Recipe: Truffled egg en croque - Spear's Magazine

Recipe: Truffled egg en croque


All this week I have been craving two things: croque monsieur and truffled egg toast (I walked past Spuntino on Tuesday). In a moment of what turned out to be pure genius I decided to combine elements of both dishes to make something really rather excellent. It brings together all of the good things in life – a creamy sauce, melted cheese, glorious bread, gooey egg yolk and white truffle. Pure bliss.

I can’t claim to have invented the truffled toast.

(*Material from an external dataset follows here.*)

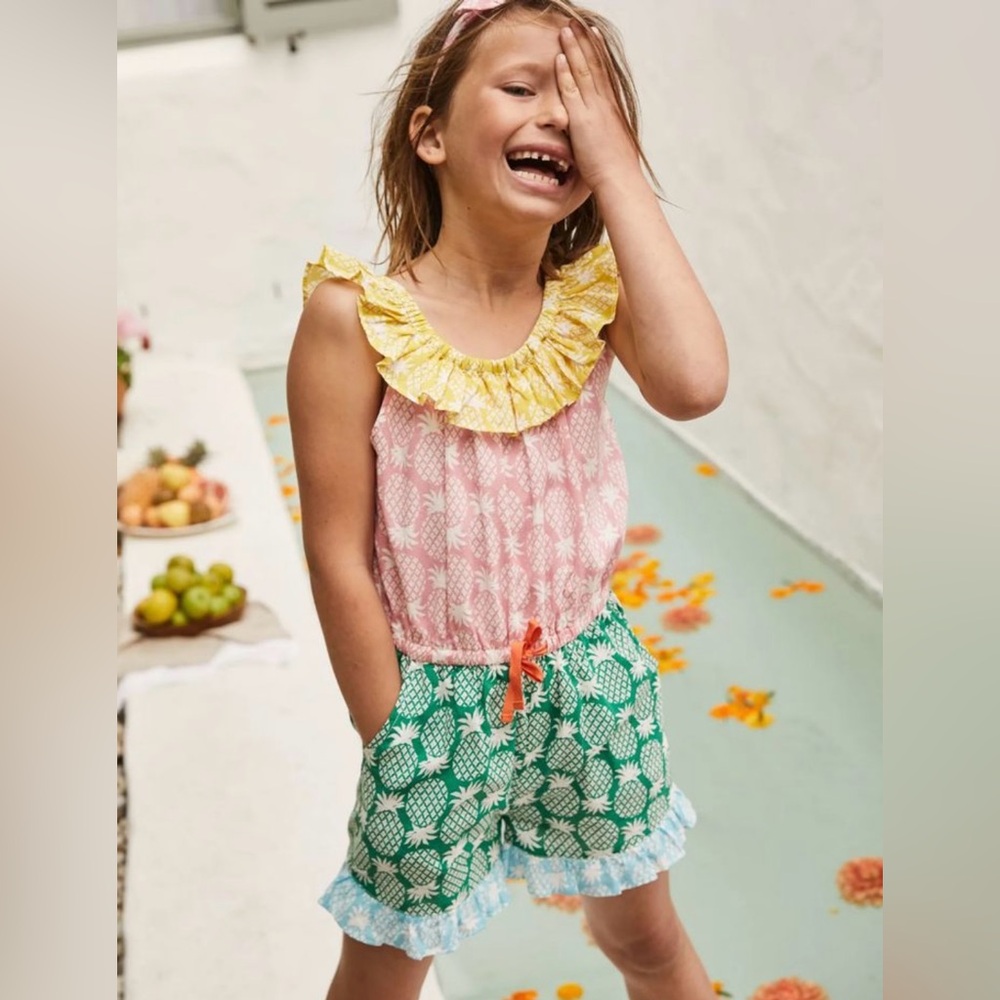 Mini Boden Frill Neck Romper multi color, pineapples, ruffles size 6/7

Personally, I always think it belongs to Russell Norman, but this little version is of my own making – just with a large nod to the aforementioned owner of Polpo and its offspring.

So, for the ultimate in comfort food for this dreary November weekend, here is my truffled egg on croque recipe.

Makes two
For the béchamel
1 tbsp butter
1 tbsp plain flour
300ml milk
Salt and pepper to taste

For the rest
Four thick slices of white bread, preferably a unsliced square farmhouse loaf
2 egg yolks (save the whites for meringues or glazes)
200g grated cheese (I used a mature cheddar because that is what was in the fridge)
White truffle oil (only use ones with natural infusions)

Method
For the béchamel, melt the butter in a pan and stir in the flour. Allow to cook out for a few minutes, otherwise you end up with a raw flour taste to the sauce.

Slowly add in the milk, stirring constantly to avoids lumps. Add enough milk to make a good amount of thick sauce – you want the consistency of bread sauce. You can adjust the amounts to make more or less sauce depending on what you like.

While the sauce is thickening, place your slices of bread under the grill – only on one side though. Once golden, remove from the oven and place on a board.

Place two slices toasted side down. Cover those slices with two thirds of your béchamel sauce.

Take the other two slices of bread and cut out a hole in the middle, large enough to hold your egg yolk. (I ate the removed piece of bread. You can do what you want with it.)

Place your cut slices of bread, toasted side up, on to your béchamel-covered slices. Drop the egg yolk in to the hole and cover with grated cheese.

Pop your toasts under the grill until the cheese is melted and bubbling.

Remove from the grill, add a little salt and pepper to the yolk and drizzle with a good amount of truffle oil.

Eat straight away, then probably go back and make a second round.